Understanding how Disease Registries can Power Oncology R&D Pipeline and De-Risk Clinical Trials
Developing robust pipelines in the biotech industry presents numerous challenges, including lengthy development timelines, substantial financial investments, and the inherent risks associated with clinical trials. Sponsors can leverage disease registries to effectively navigate these complexities and optimize their scientific research and development (R&D) efforts. The data collected through disease registries can provide valuable insights from real-world patients about the natural history of diseases, treatment outcomes, and patient demographics. By integrating information from these registries into their pipeline development strategies, biotech companies can significantly enhance patient recruitment, refine trial designs, and identify gaps in current therapeutic approaches. Embracing the power of disease registries empowers biotech companies to make data-driven decisions, accelerate R&D timelines, and ultimately bring innovative treatments to patients in need.
Let’s take a closer look at how disease registries can be leveraged by biotech companies to optimize their R&D effort.
Building a Strong Pipeline
- Target Identification and Validation: Registries offer large datasets on specific cancer types, enabling researchers to identify genetic/molecular patterns associated with disease progression or treatment response. This helps pinpoint promising targets for drug development.

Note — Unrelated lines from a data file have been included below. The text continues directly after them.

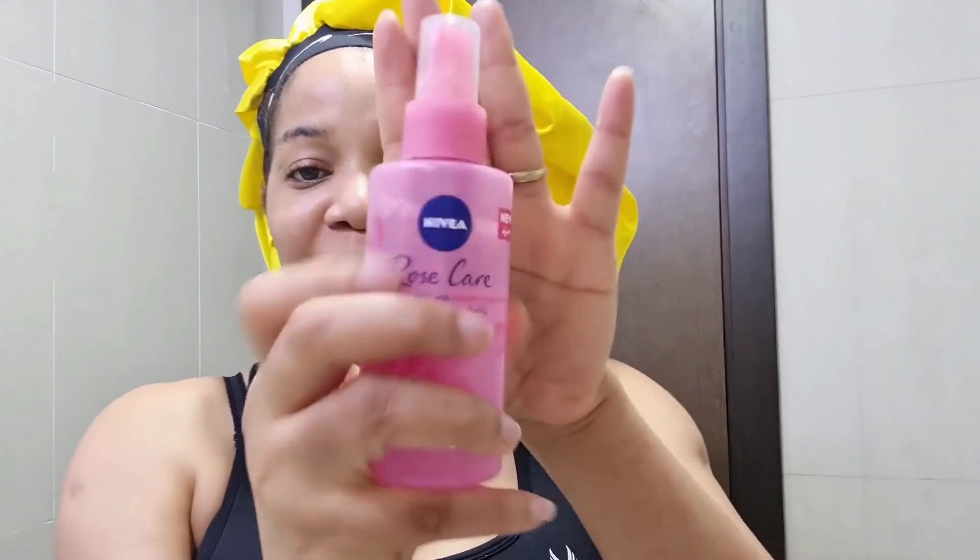The glow is already there! The last step is my Hydrating Face Mist from Nivea Rose Care. I hold it and spray it all over my face — voilà, it is ready for the day! Let me know what you think — is this good enough for you, or are there some things I need to do more?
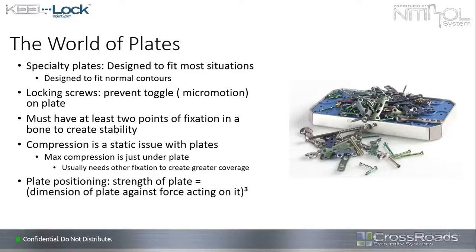Over the decades I've practiced, this understanding has created a world of specialty plates. We've gone from various sizes of one-third tubular plates to all kinds of shapes and sizes — places where holes are for compression, for angles, for multiple fixation — designed to fix most situations. The problem with just about every plate is it's designed to fit the normal contours of bone. Unfortunately, very rarely do we actually get something normal to fix. Locking screws are there to prevent toggle or micro-motion between the screw and the plate, and also to stiffen it for pullout issues.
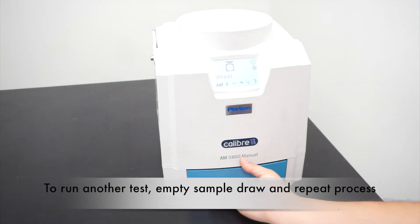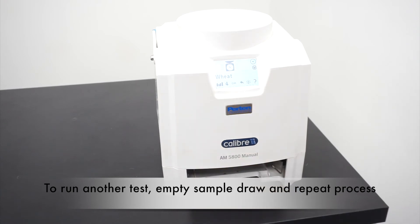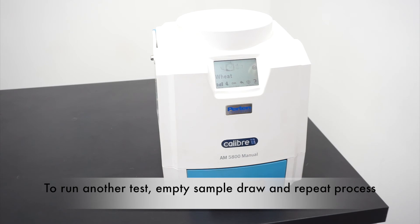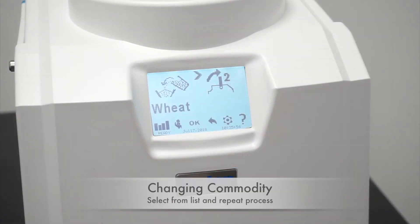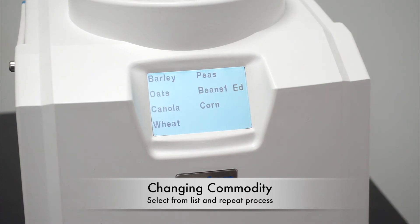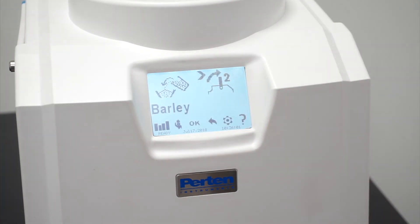To run your next test, empty the sample drawer and repeat the previous steps. To change the commodity, click on wheat and select from the list displayed.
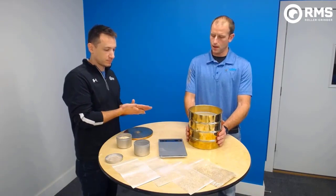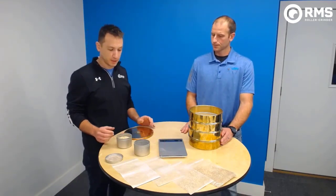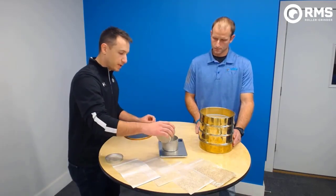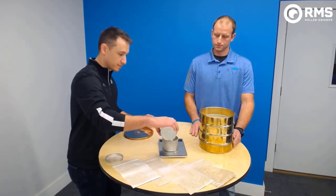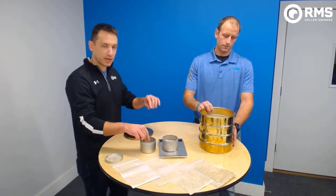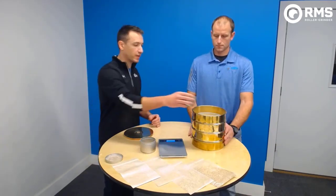Walk us through the steps of how to actually do a grist analysis. You'll need your sieve set, a scale that measures in grams, a container, and your sample pulled from your mill. The first thing you do is zero out your scale and then take your sample and measure out 100 grams — you're looking for 100 grams in the sample. Once you get to 100 grams, make sure you have the dry, empty weight of your pan and your three sieves. Weigh those ahead of time, write out the empty weight, and then take your 100-gram sample and pour it into the top of your sieve set.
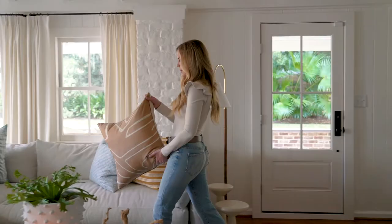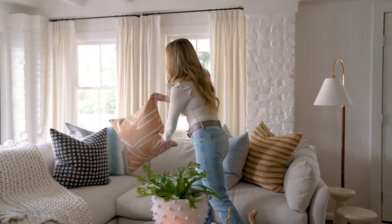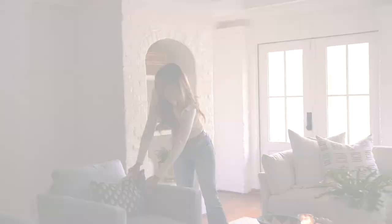Hi, I'm Megan Moulton. Welcome to another MM Style Guide, and today we're talking about throw pillows. So when it comes to throw pillows, there's a few things to keep in mind.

- Patient Stratification and Recruitment: Registries facilitate identifying specific patient subpopulations for clinical trials, leading to the development of drugs targeted to highly responsive groups. This improves trial efficiency and efficacy.
- Natural History Data: Studying disease progression and treatment patterns in registries helps understand the baseline course of the disease without intervention. This data guides trial design, endpoint selection, and sample size calculations, increasing trial success rates.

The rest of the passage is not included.